TimeCAP: A Channel-Aware Pre-Training Framework for Multivariate Time Series Forecasting
Abstract
Abstract Amid recent advances for multivariate time series forecasting, self-supervised learning has emerged as a promising paradigm for deriving transferable knowledge from multi-domain data. Despite its effectiveness, existing approaches exhibit two critical limitations: (1) Underestimating the significance of multivariate dependencies in learning generalizable representations and (2) Failing to reconcile the complementary strengths of autoregressive and one-shot generative paradigms. In this work, we propose TimeCAP, a novel channel-aware pre-training framework that internalizes latent causal relationships among variables inherent in multi-domain data, and effectively transfers the acquired knowledge to downstream applications. Technically, we present a flexible channel-grouping learning approach, complemented by an adaptive meta-routing mechanism, enabling TimeCAP to parallel recognize intra-group local patterns while maintaining global coherence.

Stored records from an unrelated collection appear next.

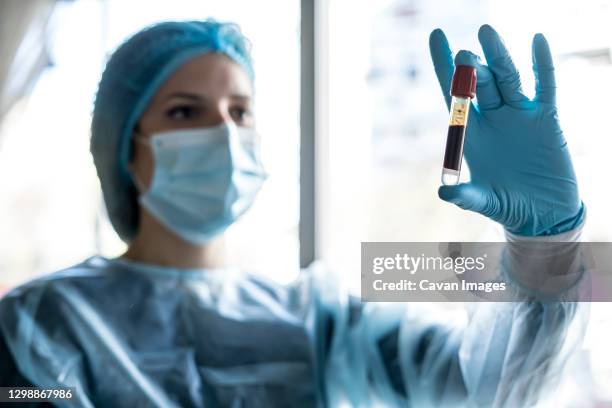 medical doctor or laborant holding tube with ncov coronavirus vaccine for 2019-ncov virus. - laborant stock pictures, royalty-free photos & images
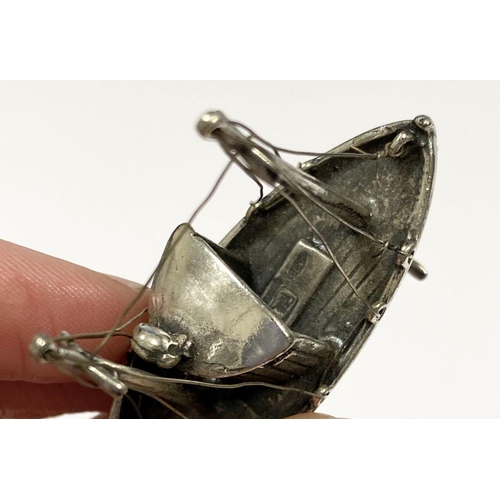 57 - A CHARMING STERLING SILVER MINIATURE FISHING BOAT, Hallmarked with European assay mark and marked 92... 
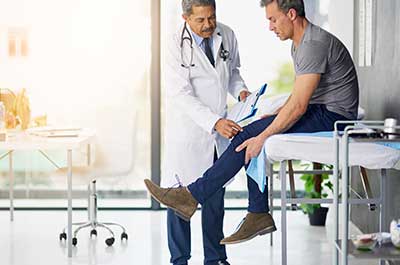doctor examining patients knee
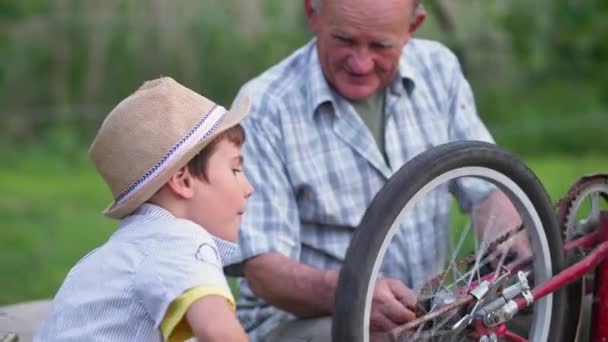 niño varón feliz con el abuelo se regocija en la reparación de la rueda en bicicleta y levanta las manos haciendo vítores gesto telón de fondo de árboles verdes - Imágenes, Vídeo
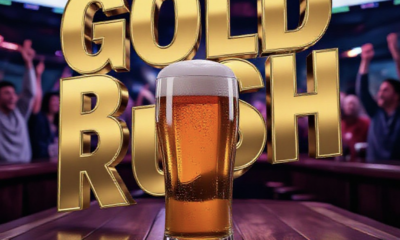 A viral, hyper-realistic YouTube thumbnail with a energetic Sports Bar atmosphere. The background is a bustling, modern pub interior with blurred cheering fans and multiple TV screens glowing with hockey game footage. The composition uses a Low Angle to focus on the main subject: a foaming glass of golden beer resting on a wooden bar counter. The image features massive 3D typography with strict hierarchy: The Primary Text reads exactly: 'GOLD RUSH'. This text is massive, the largest element in the frame, rendered in Gold Chrome to look like a high-budget 3D render. The Secondary Text reads exactly: 'RECORD OPENING'. This text is significantly smaller, positioned below or next to the main text. It features a thick, distinct color border/outline (sticker style) to contrast against the background. Make sure text 2 is always different theme, style, effect and border compared to text 1.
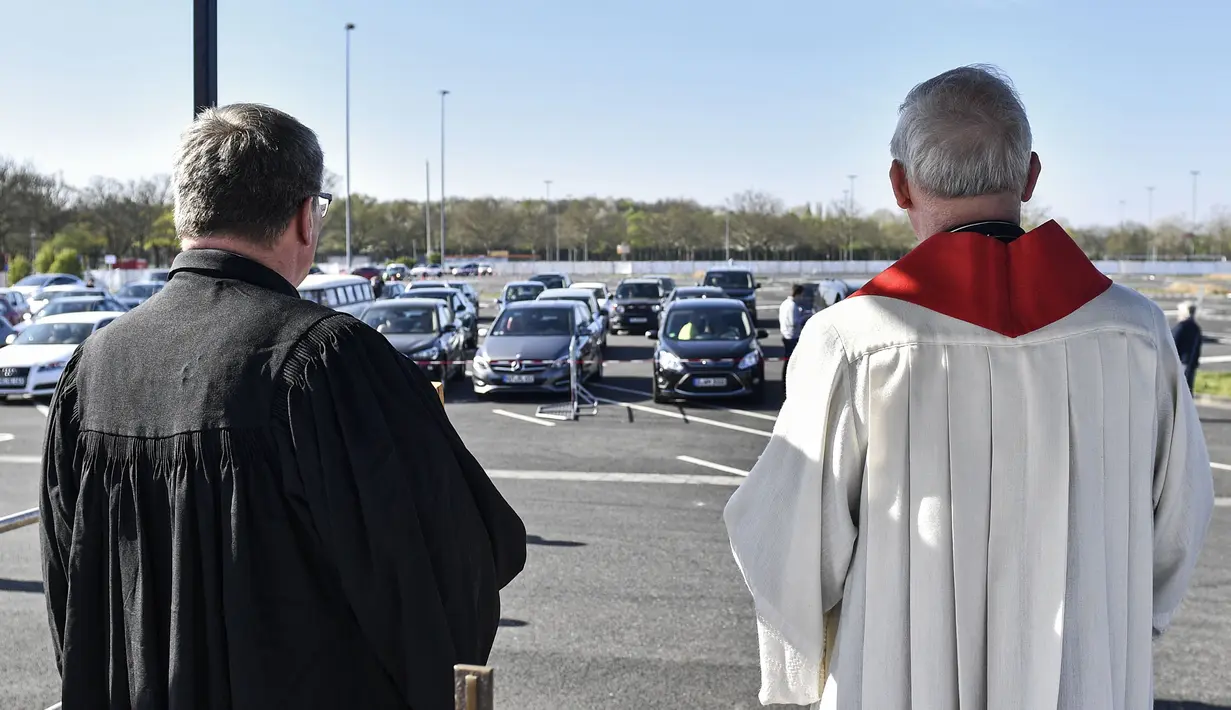 Pastor Frank Heidkamp (kanan) dan Evangelis Heinrich Fuchs saat kebaktian Jumat Agung di sebuah bioskop drive-in di Duesseldorf, Jerman, Jumat (10/4/2020). Kebaktian drive-in dilakukan usai Jerman menutup semua tempat ibadah untuk mencegah penyebaran virus corona COVID-19. (AP Photo/Martin Meissner)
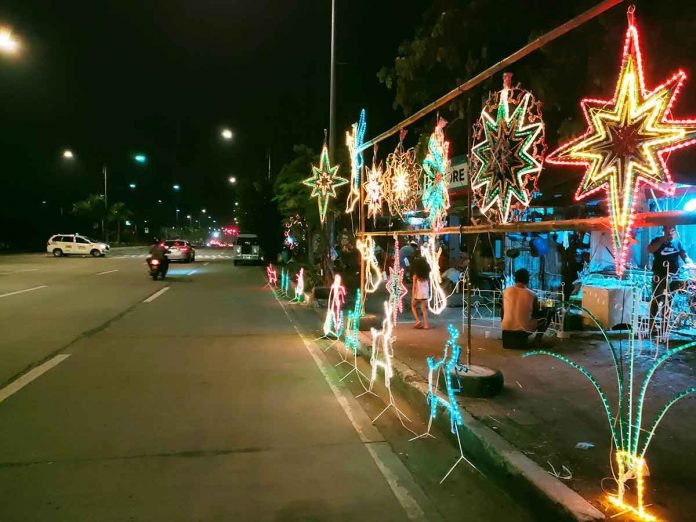 lanterns Christmas lanterns glow in the dark and make festive this portion of the sidewalk of the Diversion Road in Mandurriao, Iloilo City. Vendors of Christmas lanterns pray for better sales this year despite the coronavirus pandemic. PH PHOTO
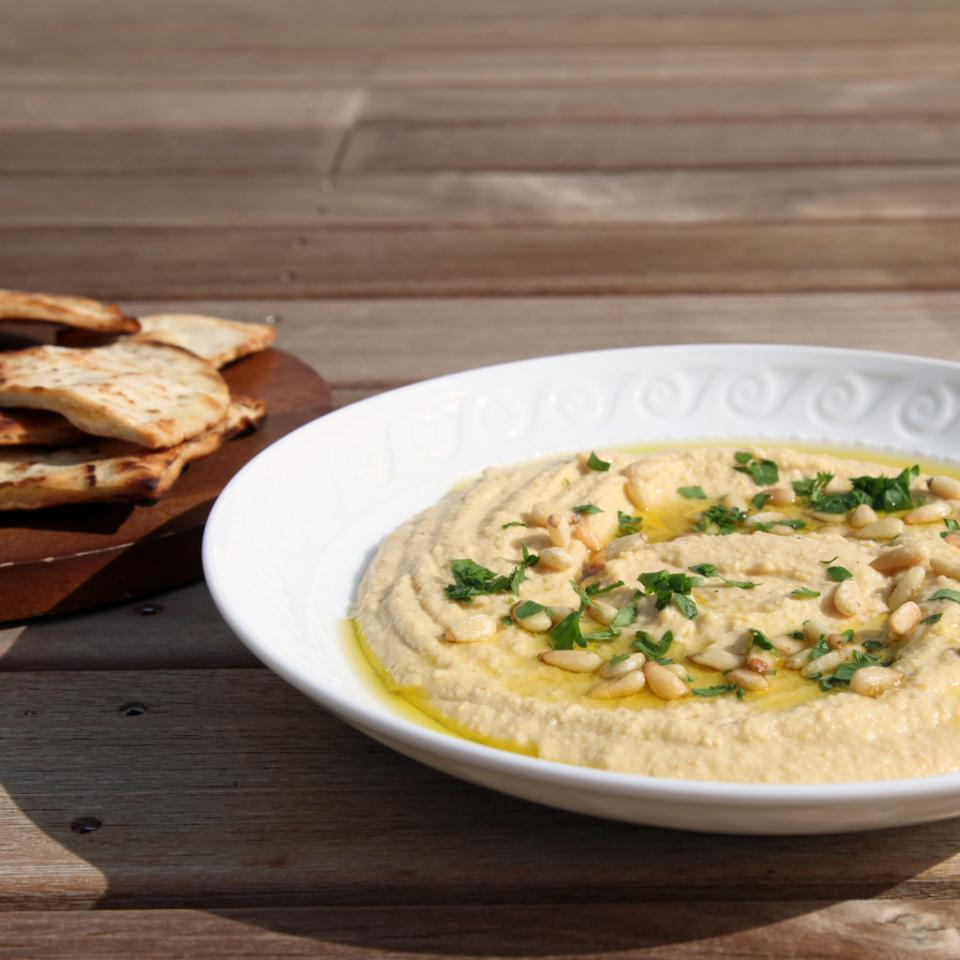 1. Hummus
Keep hummus in your fridge, and you'll never have to opt for an unhealthy snack again. You can smear the protein-packed condiment on raw veggies, serve it atop salad greens, or use it in place of mayo on a sandwich — saving tons of calories in the process.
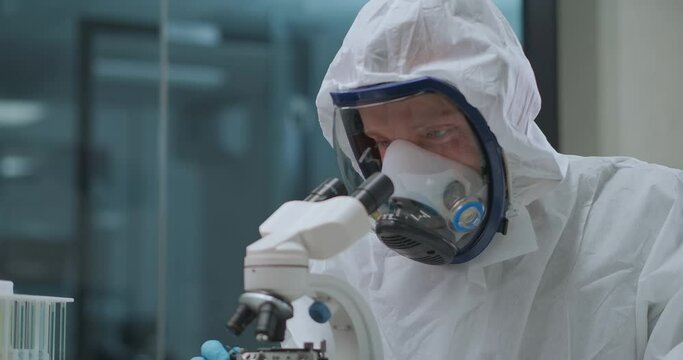 scientific laboratory of development of bacteriological and biological weapon, technician is dressed protective gown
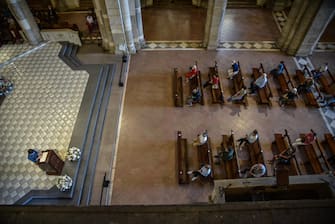 Il distanziamento tra le persone sedute sui banchi della basilica - La messa nella basilica di S.Ambrogio con il distanziamento personale e le norme anticontragio la prima domenica dopo l apertura dopo il lockdown per il coronavirus Covid19,  Milano 24 Maggio 2020  Ansa/Matteo Corner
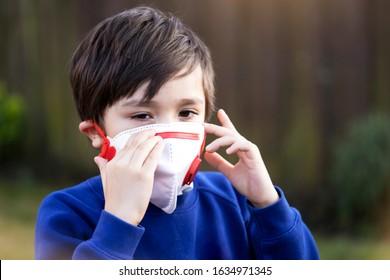 Child Itchy Eyes And Nose, Kid Scratching Nose While Wearing Protection Mask, Kid Has Reflection Or Hay Fever During Season Change.A Boy Wearing Medical Face Mask For Pollution Or Virus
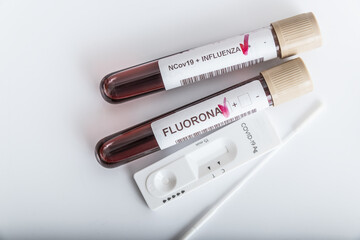 Obraz premium Blood samples of new variant OMICRON plus flu FLUORONE, covid19, coronavirus. Selective approach to the sample tube.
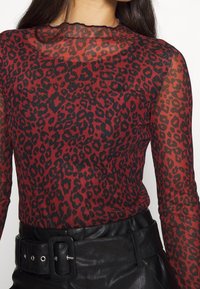 Röd genomskinlig långärmad topp med ett svart leopardmönster, med en lätt volang i halsringningen och matchad med högmidjade svarta läderbyxor.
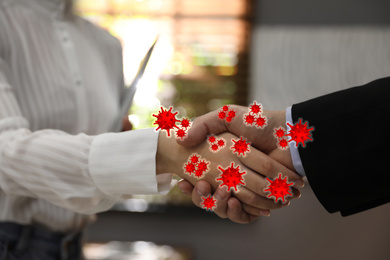 Image of Avoid handshakes during coronavirus outbreak. People greeting indoors, closeup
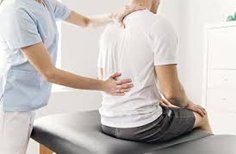 Physical Therapist examining patients lower back.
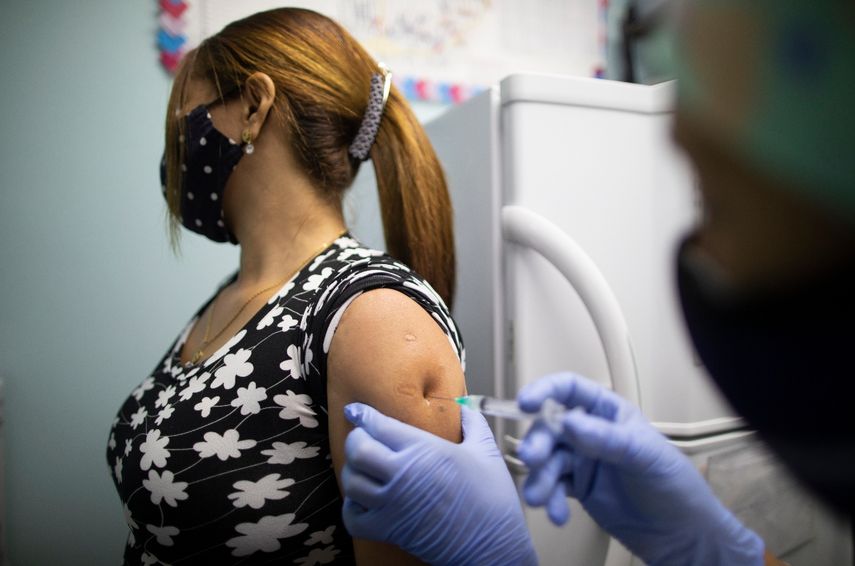 Una enfermera aplica una dosis de la vacuna de Sinopharm contra el coronavirus a una trabajadora del sector salud, en un centro del programa sanitario Barrio Adentro del régimen, en Caracas, Venezuela, el domingo 7 de marzo de 2021.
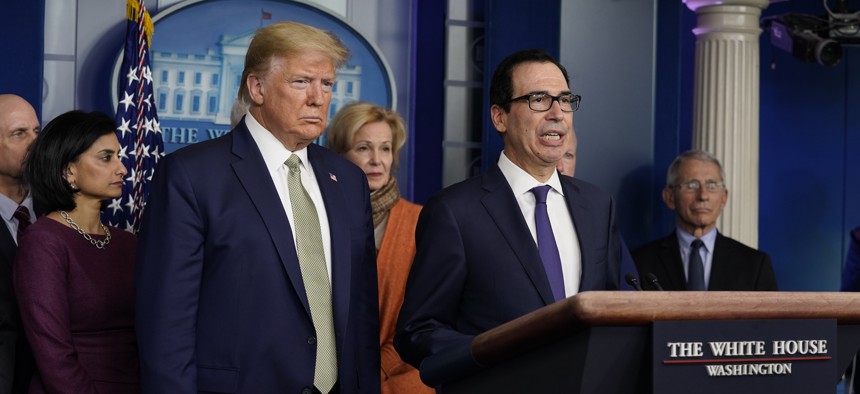 Treasury Secretary Steven Mnuchin speaks during a press briefing with the coronavirus task force, at the White House, Tuesday, March 17, 2020, in Washington, as President Donald Trump looks on.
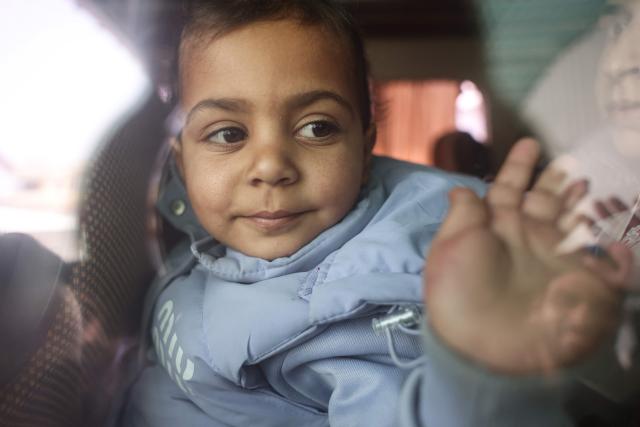 A Palestinians child waves from the window of a bus evacuating war-wounded and patients, accompanied by relatives, as they ready to leave the Gaza Strip for treatment abroad through the Rafah border crossing between Gaza and Egypt, the day after it was opened by Israel for a limited number of people, in Khan Yunis, in the southern Gaza Strip on February 2, 2026. Gaza's key Rafah border crossing reopened to Palestinians on February 2, an Israeli security official said, though Egyptian state-linked media said only 50 people would be allowed to cross in each direction in the early days. The resumption of operations comes after Gaza's civil defence reported dozens killed in a wave of Israeli strikes over the weekend, in what the military said was retaliation for Palestinian fighters exiting a tunnel in Rafah city. (Photo by Bashar Taleb / AFP)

Intra- and inter-group multivariate dependencies are captured through the self- and cross-attention with channel-aware mask, which strictly confine interactions among time-aligned, fine-grained multivariate tokens. To seamlessly unify two advanced generative paradigms, we propose a novel dynamic dual-head decoding and optimization strategy, empowering TimeCAP to leverage critical dependencies in the output series while avoiding cumulative errors over time. In the few-shot evaluation, TimeCAP achieves average MSE and MAE reductions of 11.8% and 6% over leading baselines, while also outperforming state-of-the-art models in full-shot and zero-shot settings by large margins.